46 A. 49 | N.H. | 1899

The instructions requested by the defendant were properly denied.

It is true that "in the earlier history of the common law only such acts were deemed criminal as had in them the vicious element of an unlawful intent, indicating a deviation from moral rectitude; but this quality has ceased to be essential, and now acts unobjectionable in a moral view, except so far as being prohibited by law makes them so, constitute a considerable portion of the criminal code. In such statutes the act is expressly prohibited, without reference to the intent or purpose of the party committing it, and is usually of the class in which the person committing it is under no obligation to act unless he knows he can do so lawfully.

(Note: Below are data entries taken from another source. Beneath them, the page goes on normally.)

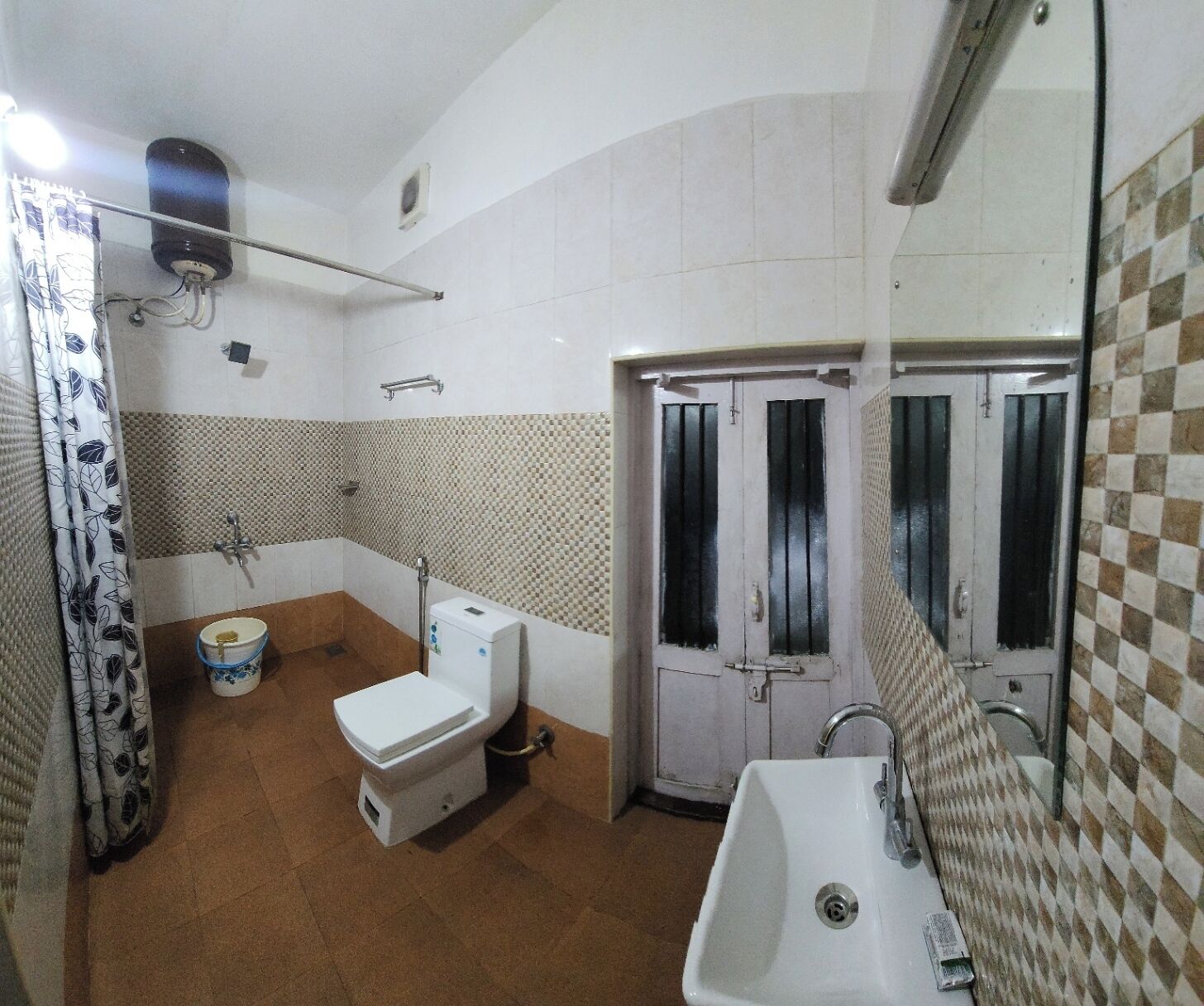 A bathroom with a toilet, sink, and shower area.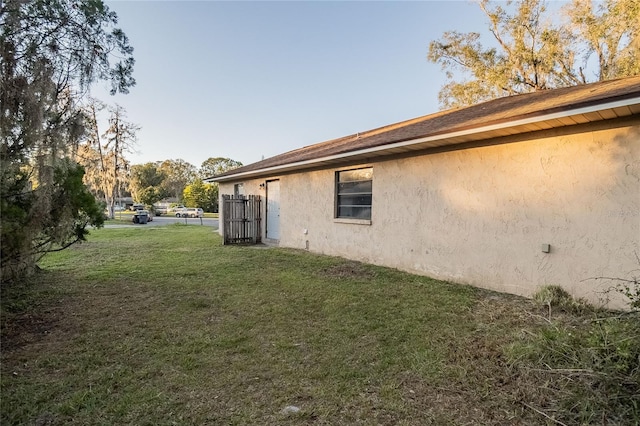 view of property exterior with a yard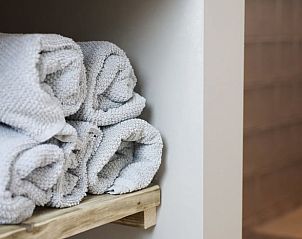 Frisse handdoeken in de badkamer van Vakantiehuis in Beers, Noordoost Brabant.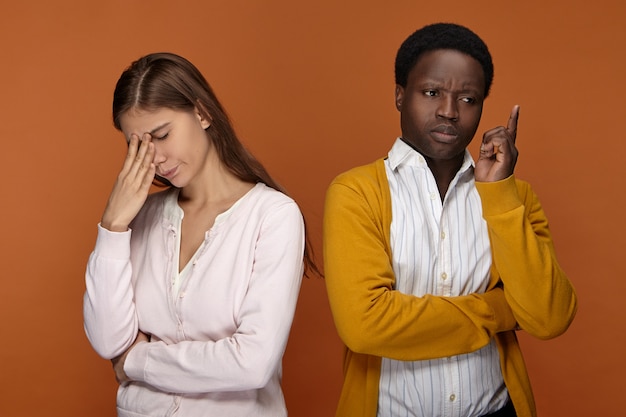 Geïsoleerde opname van een interraciaal team van twee collega's die samenwerken, proberen zich iets in gedachten te herinneren, de handen op hun gezicht vasthouden, een doordachte blik hebben, bezorgd over een probleem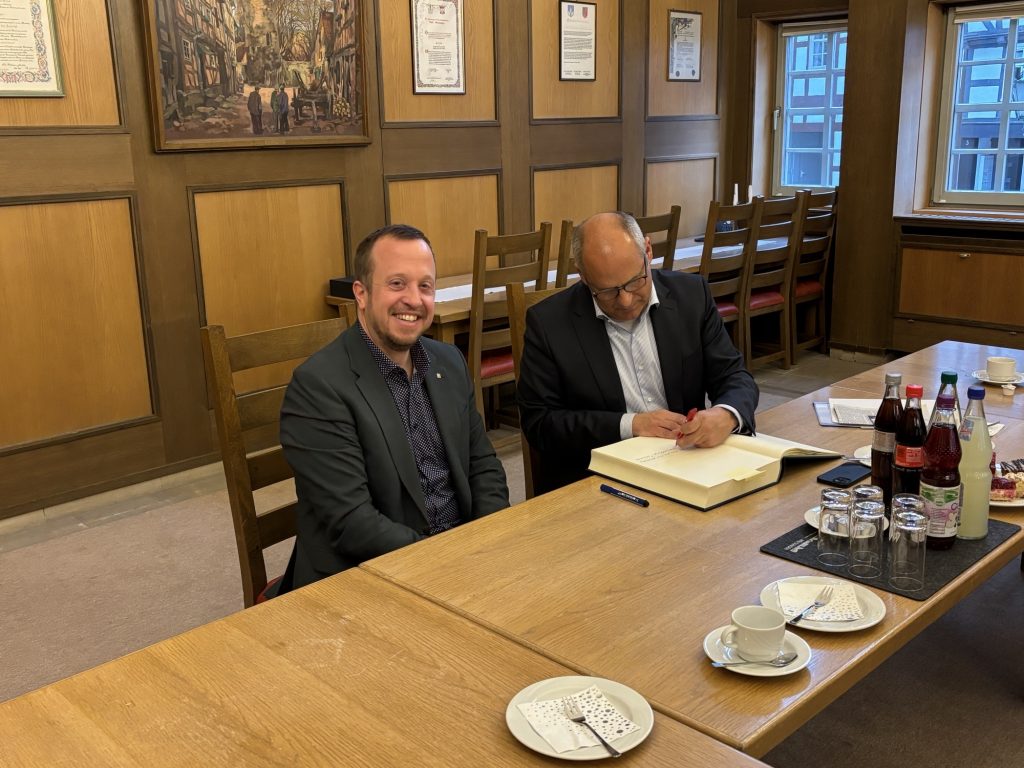 Bürgermeister Timo Riedemann (links) und Innenminister Prof. Dr. Roman Poseck bei der feierlichen Eintragung ins Goldene Buch der Stadt Melsungen im Rahmen der Übergabe des Förderbescheids „Sicherheit bei Veranstaltungen“.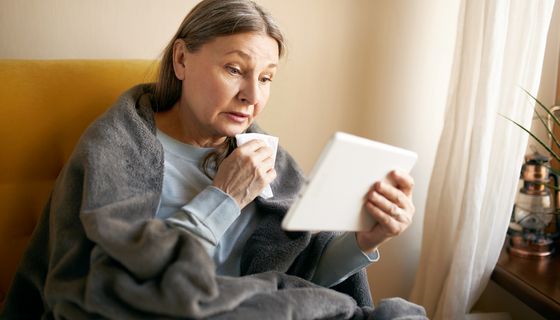 Eine ältere Frau, eingehüllt in einer Decke und mit einem Taschentuch in der Hand, blickt auf ein Tablet.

Under these statutes it is not a defence that the person acted honestly and in good faith, under a mistake of fact. He is bound to know the fact as well as the law, and he acts at his peril. These statutes do not make a guilty knowledge one of the ingredients of the offence." State v. Cornish, 66 N.H. 329, 330, and numerous *197 authorities there cited; State v. Campbell, 64 N.H. 402-405; Commonwealth v. Uhrig, 138 Mass. 492; Commonwealth v. Savery, 145 Mass. 212; State v. Smith, 10 R. I. 258; State v. Hughes, 16 R. I. 403.

The statute in question clearly comes within this class, and having been enacted nearly five years subsequent to the decision in State v. Cornish, of which the legislature must be deemed to have had knowledge, no room for reasonable doubt remains that the legislative intent was that the statute should be construed in accordance with its language and agreeably to the construction obtaining not only in State v. Cornish, but in preceding cases.

Exceptions overruled.

PEASLEE, J., did not sit: the others concurred.